One of my big “beefs” at my school is the fact that we have three levels of tracking – count ’em, three. There’s the honors track, that of course at a college prep school, most kids think they belong in. There’s the regular track, that which is still pretty quick and difficult, and there’s the track that the kids who are sometimes, I would say, just not very motivated to learn math, or have less interest in math, or maybe come from a school with a less rigorous math program, are placed in. These are the kids who probably all their lives have been told they are not “math people” and have been pigeon-holed as an “artist” or “writer” so they won’t actually need math when they get older. This really, really irks me. But I do it – I go along with a system that has been in place way before I got here. I’m only one person – even though I cite Jo Boaler’s list of research showing why “tracking” in general is just a bad idea and hurtful – I know I can’t win.
Anyway, I really shouldn’t complain because the department has let me do my thing with the geometry curriculum and I have written a PBL curriculum for the three levels. In my 201 book, I have created scaffolded problems that I think work really well with these “low-abiity” kids and often challenge them enough to make them realize how much ability they actually have. We just started talking about dimension and we watch these clips from Flatland: The Movie, where Arthur T. Square meets the King of Pointland and then meets the King of Lineland.

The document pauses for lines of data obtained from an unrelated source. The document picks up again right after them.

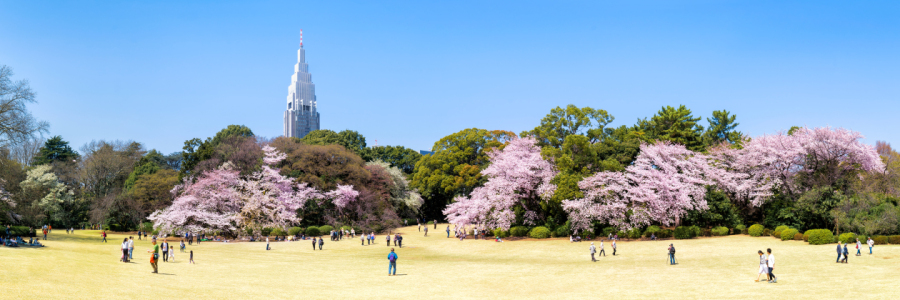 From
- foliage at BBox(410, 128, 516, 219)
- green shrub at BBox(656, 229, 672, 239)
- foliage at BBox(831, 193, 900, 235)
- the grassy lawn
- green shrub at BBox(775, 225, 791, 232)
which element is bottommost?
the grassy lawn

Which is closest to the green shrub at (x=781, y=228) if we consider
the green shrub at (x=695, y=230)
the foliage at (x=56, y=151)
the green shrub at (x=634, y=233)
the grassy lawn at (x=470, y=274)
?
the grassy lawn at (x=470, y=274)

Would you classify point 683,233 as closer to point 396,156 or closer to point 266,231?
point 266,231

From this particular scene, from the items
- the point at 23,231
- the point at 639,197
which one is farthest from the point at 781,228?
the point at 23,231

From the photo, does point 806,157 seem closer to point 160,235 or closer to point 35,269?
point 35,269

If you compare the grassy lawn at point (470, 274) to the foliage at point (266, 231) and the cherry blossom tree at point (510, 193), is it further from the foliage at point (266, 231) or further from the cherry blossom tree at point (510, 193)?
the foliage at point (266, 231)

We had a great conversation about why the King of Pointland keeps saying “Hello Me, Hello Me” and can’t really understand why there’s anyone else there. We talked about why the King of Lineland doesn’t understand where the Square is because he only understands the directions of left and right. One of the kids goes, “Is this kind of like what happened in the movie Interstellar? I think he went through a black hole and just appeared in the future or something.” Now, I hadn’t seen that movie but then another kid said, “Well, I’m not sure it was like that.” But then one of the other students says, “No, the King of Pointland is kind of like the kid in the movie Room. Did you see that movie?” I nodded in understanding and so did many of the others in class. The student went on, “In Room, the little boy grew up thinking that “Room” was his whole universe so that was all he understood, and that’s why the King of Pointland seems so nuts. That point with no dimensions is all he can understand – there’s no one else in the world.” I was so blown away by that analogy. She really had an understanding of the idea of the limitations of being alone in the universe of a point. I had never had a kid in a “regular” or “honors” class make a connection like that – but then again, Room just came out!